No Brasil o poder de tributar é dividido entre os entes da federação em face do princípio do federalismo, devendo cada ente limitar-se a sua parcela de competência. A CF/88 dá aos entes a competência para legislar em matéria tributária sendo essa competência indelegável, intransferível e irrenunciável.
Não se deve confundir a competência com capacidade tributária, está sendo a delegação da função de arrecadar ou fiscalizar a outra pessoa de direito público. A competência tributária classifica-se em privativa, comum, residual e extraordinária.
A competência privativa é o poder que tem todos os entes da federação para instituir os impostos elencados na Constituição Federal. É privativa, pois a Constituição enumera taxativamente os tributos que podem ser cobrados por cada ente.

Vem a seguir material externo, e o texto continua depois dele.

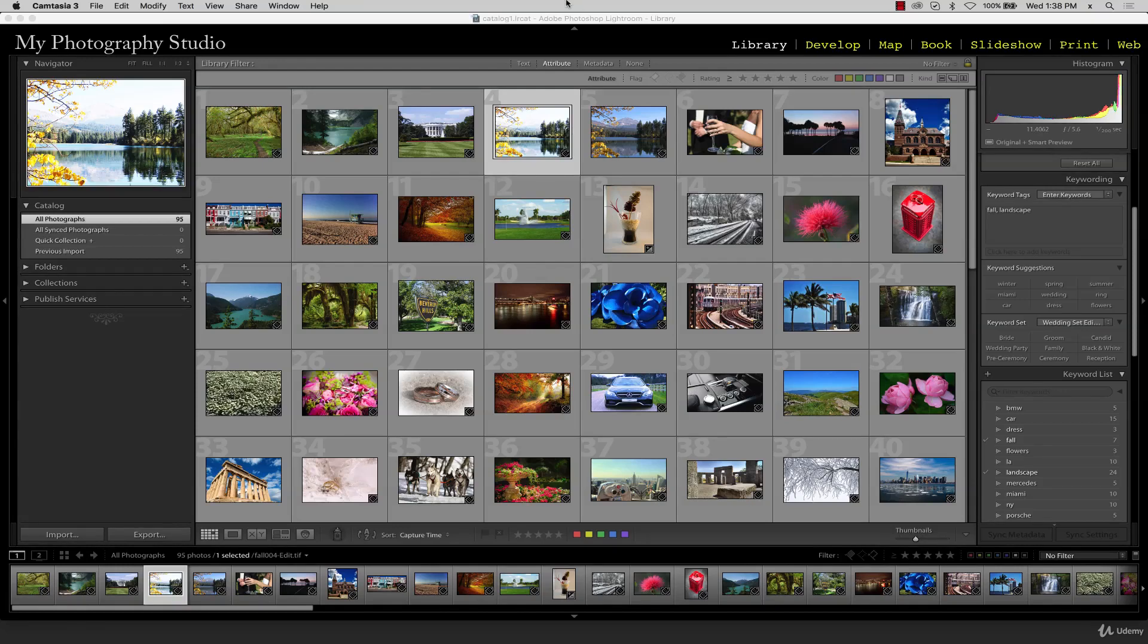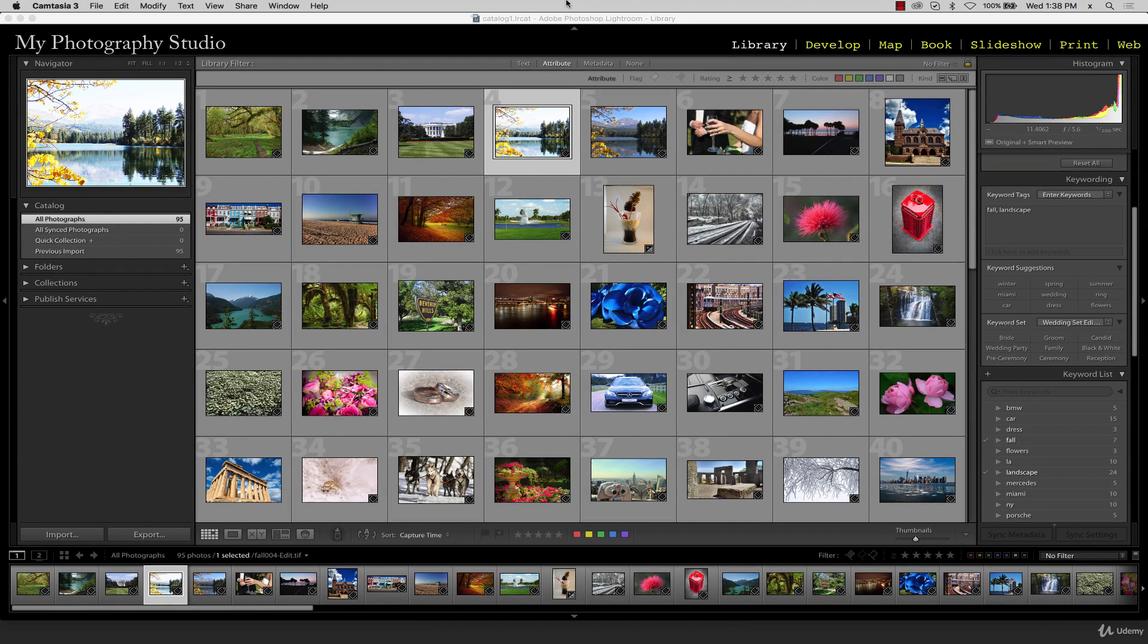The last view we'll discuss is known as survey view. This view allows us to compare several photos at once. To view images in survey view, first highlight the images you want in survey view.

Ressalta-se que o empréstimo compulsório e as contribuições especiais encontram-se na competência privativa da União, as contribuições sociais para o custeio da previdência e assistência social de seus próprios servidores faz parte da competência privativa dos estados e por fim a contribuição de iluminação pública é de competência privativa dos municípios.
A competência comum é o poder que tem a União, os estados, o DF e os municípios para instituir taxas e contribuições de melhoria no âmbito de suas respectivas atribuições. Aqui se insere a competência cumulativa que é o poder da União de instituir, nos territórios federais os impostos estaduais e caso o território não seja dividido em municípios os impostos municipais. Ao Distrito Federal cabe cumulativamente os impostos municipais e estaduais.
De acordo com o artigo 154, I, da CF a União poderá instituir mediante lei complementar, impostos não previstos em sua competência privativa, desde que sejam não-cumulativos e não tenham fato gerador ou base de cálculos próprios dos já discriminados na própria Constituição Federal. Ademais o artigo 195, § 4º autoriza que lei possa instituir outras fontes destinadas a garantir a manutenção ou expansão da seguridade social, obedecido o disposto no art. 154, I. Chama-se essa competência de residual.
A competência extraordinária encontra-se no artigo 154, II, da CF e segundo ela a União poderá instituir na iminência ou no caso de guerra externa, impostos extraordinários, compreendidos ou não em sua competência tributária, os quais serão suprimidos, gradativamente, cessadas as causas de sua criação.
Essa competência independe de outros impostos terem ou não fatos geradores já previstos na CF/88, sejam eles da própria União, dos estados ou municípios. Segundo alguns doutrinadores essa seria uma exceção a bitributação que é vedada pelo ordenamento jurídico brasileiro.
Por fim, cabe mencionar que a competência tributária outorgada pela Constituição Federal é uma faculdade para os entes federativos, não sendo seu exercício obrigatório e de acordo com o artigo 8º do CTN “O não-exercício da competência tributária não a defere a pessoa jurídica de direito público diversa daquela a que a Constituição a tenha atribuído.”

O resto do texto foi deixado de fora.